Lors d’un voyage en mer reliant l’Argentine au Cap-Vert, la situation a rapidement dégénéré : trois passagers ont perdu la vie, tandis que trois autres personnes — dont deux membres de l’équipage — souffrent actuellement de graves troubles respiratoires. Après des analyses en laboratoire, l’Organisation mondiale de la santé a confirmé que le patient admis aux soins intensifs dans un hôpital de Johannesburg est porteur d’un hantavirus. Retour sur cet agent pathogène encore méconnu.
D’après les informations préliminaires, les individus touchés auraient contracté le virus avant même de monter à bord. Néanmoins, certains indices suggèrent qu’une transmission aurait aussi pu se produire durant le voyage.

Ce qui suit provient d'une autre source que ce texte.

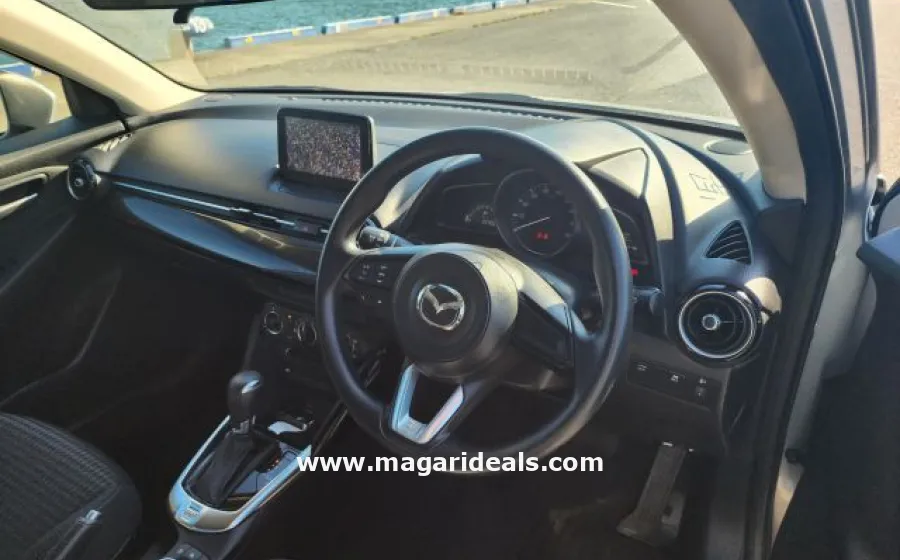MAZDA DEMIO 2017 Model low mileage  in Kenya for Sale | Magari Deals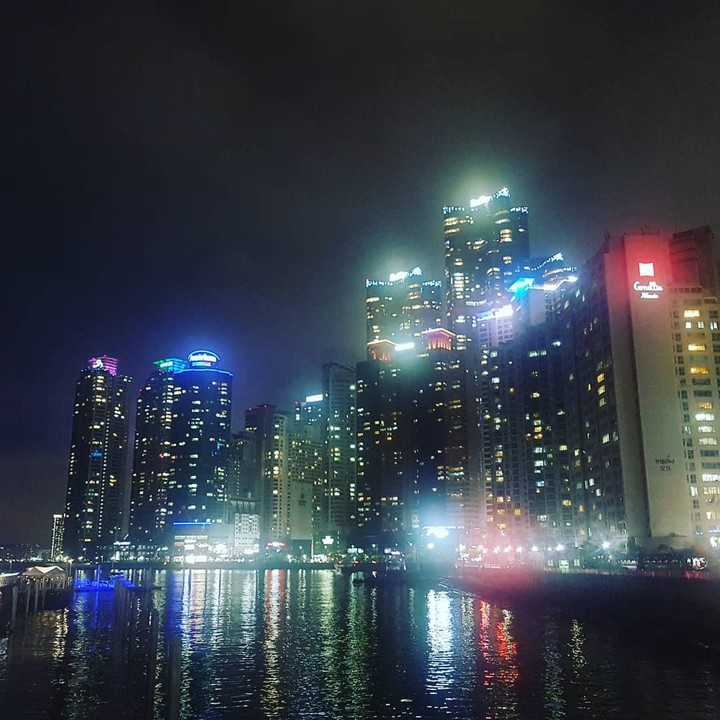 busan Marin  city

Une piste inhabituelle à l’étude en milieu maritime
Le hantavirus est généralement contracté en respirant des particules contaminées provenant de rongeurs porteurs. Les cas de transmission d’une personne à une autre demeurent extrêmement rares et encore mal documentés.
Dans ce contexte précis, l’Organisation mondiale de la santé évoque la possibilité que des contacts très étroits aient favorisé la propagation. Une hypothèse que les spécialistes examinent avec beaucoup de réserve.
Sept personnes sont actuellement concernées par la situation : deux cas ont été confirmés tandis que cinq autres demeurent à l’étude. L’un des patients, dont l’état est jugé préoccupant, a été transféré à l’hôpital hors du navire.
Les manifestations cliniques touchent surtout le système respiratoire et peuvent s’aggraver en peu de temps. Dans certaines situations, l’évolution peut être sévère, avec des issues potentiellement fatales.
Le syndrome pulmonaire associé au hantavirus présente un taux de mortalité pouvant grimper jusqu’à 40 %, et aucun traitement ciblé n’est disponible à ce jour.
Face à cette situation, les autorités de santé à l’échelle mondiale restent en alerte. L’Espagne, tout comme d’autres pays, préfère attendre des informations plus complètes avant de se prononcer.
Cet épisode souligne la complexité de gérer des infections peu fréquentes dans un environnement clos. Les résultats des examens à venir seront déterminants pour établir s’il y a eu, ou non, une contagion entre individus.